679 Waring Ave., LLC v. Sosa
This text of 679 Waring Ave., LLC v. Sosa (679 Waring Ave., LLC v. Sosa) is published on Counsel Stack Legal Research, covering Appellate Terms of the Supreme Court of New York primary law. Counsel Stack provides free access to over 12 million legal documents including statutes, case law, regulations, and constitutions.
Opinion
| 679 Waring Ave., LLC v Sosa |
| 2023 NY Slip Op 50632(U) |
| Decided on June 26, 2023 |
| Appellate Term, First Department |
| Published by New York State Law Reporting Bureau pursuant to Judiciary Law § 431. |
| This opinion is uncorrected and will not be published in the printed Official Reports. |
Decided on June 26, 2023
SUPREME COURT, APPELLATE TERM, FIRST DEPARTMENT
PRESENT: Brigantti, J.P., Michael, James, JJ.
570549/22
against
Manuel Sosa and Joel Sosa, Respondents-Tenants-Appellants,
- and - John Doe and Jane Doe, Respondents.
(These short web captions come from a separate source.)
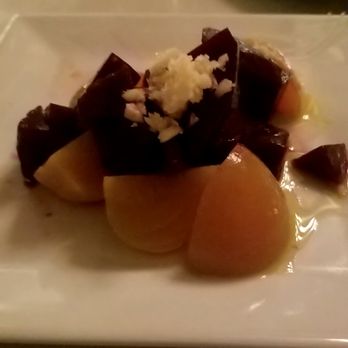 Stella's - Beets with vinegar and garlic - Greek Near Me - Charleston, South Carolina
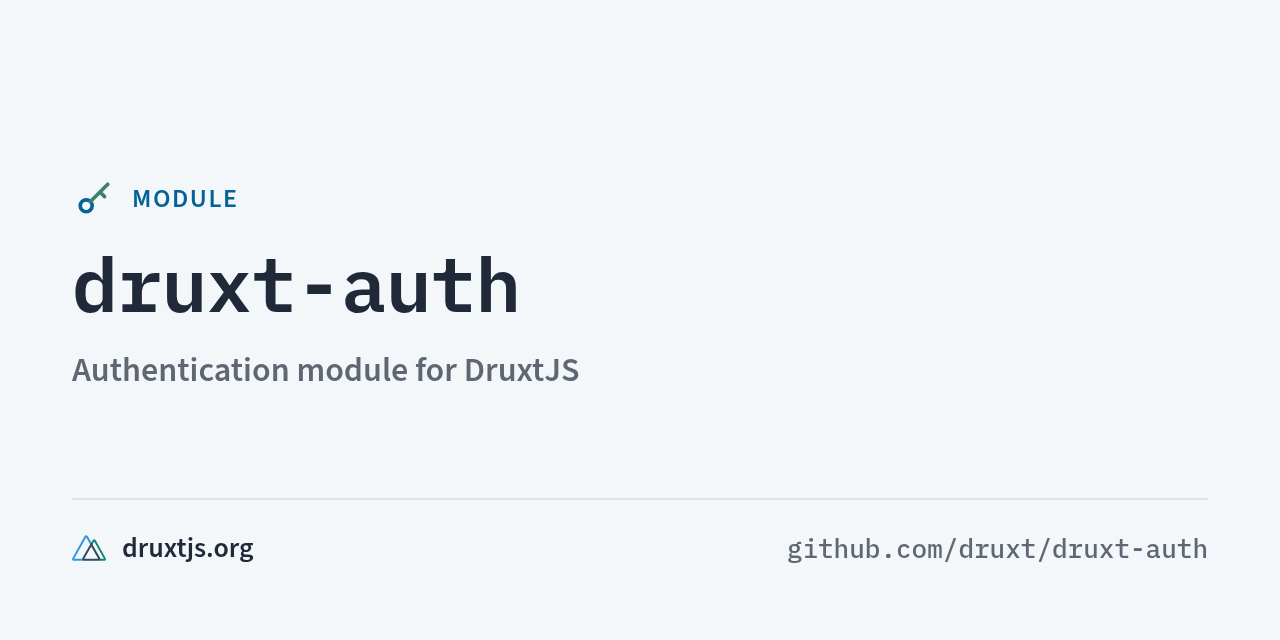 druxt-auth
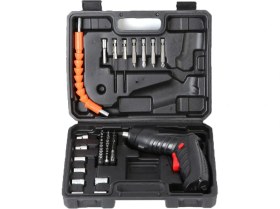 Resim Jyhong 3.6V Elektrikli Tornavida Çok Fonksiyonlu Katlanır Lityum Elektrikli Matkap Aleti (Yurt Dışından) 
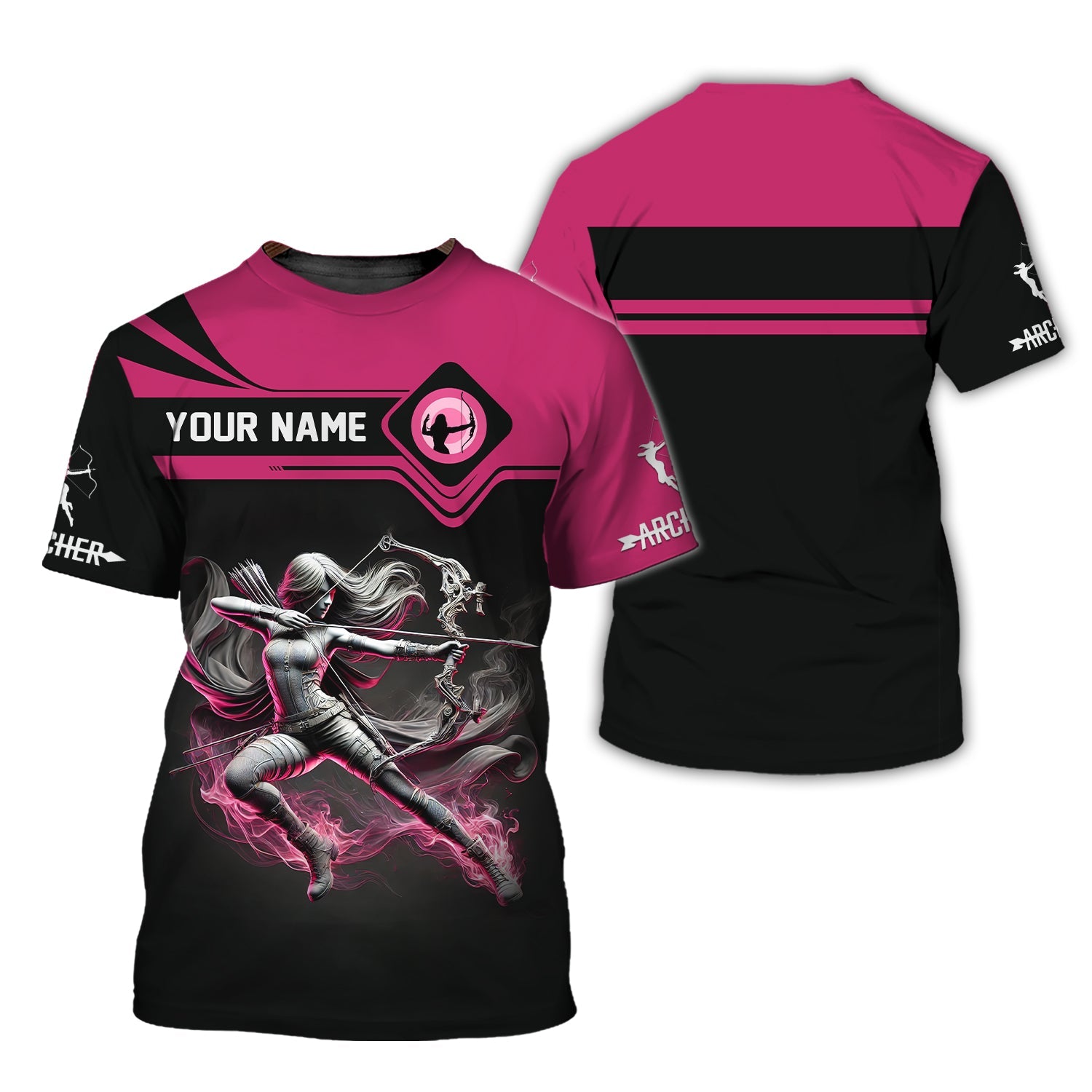 Custom Archer T-Shirt, Archer Polo Shirts, Unisex Shirt, Gift for Archers, Gift For Sport Fan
Tenants, as limited by their brief, appeal from 1) an order of the Civil Court of the City of New York, Bronx County (Christel Fleur Garland, J.), dated August 10, 2022, which denied their motion to vacate a prior order on the basis of alleged fraud and misconduct, and 2) an order (same court and Judge), dated August 18, 2022, which denied their request to compel landlord to furnish an executed renewal lease in compliance with an order of DHCR, in a holdover summary proceeding.
Per Curiam.
Appeal from order (Christel Fleur Garland, J.), dated August 10, 2022, dismissed, without costs, as nonappealable. Appeal from order (Christel Fleur Garland, J.), dated August 18, 2022, dismissed, without costs, as academic.
Despite tenants' denomination of their February 11, 2022 motion as one to vacate a prior (unappealed) order on the ground of fraud or misrepresentation (see CPLR 5015[a][3]), the motion was, in actuality, a motion for leave to reargue, and Civil Court properly treated it as such, "since it merely reiterated previously raised arguments, and presented no new material evidence" (Kaminer v Wexler, 40 AD3d 405, 406 [2007], lv dismissed 9 NY3d 955, 975 [2007]; see Cangro v Cangro, 272 AD2d 286 [2000]). Indeed, the purported new facts concerning the building superintendent's status as an agent, rather than an employee of landlord, were known at the time of the prior motion and specifically addressed in tenants' counsel's May 12, 2021 affirmation. Accordingly, the appeal from the August 10, 2022 order is dismissed, as no appeal lies from the denial of a motion for reargument (see Brito v Allstate Ins. Co., 135 AD3d 568 [2016]; Matter of Suzanne v Suzanne, 69 AD3d 1011 [2010]). Were we to reach the merits, we would, in any event affirm.
Tenants' contentions regarding the August 18, 2022 order have been rendered academic by the parties' stipulation dated May 8, 2023, resolving, among other things, the parties' dispute regarding landlord's compliance with an order issued by DHCR.
THIS CONSTITUTES THE DECISION AND ORDER OF THE COURT.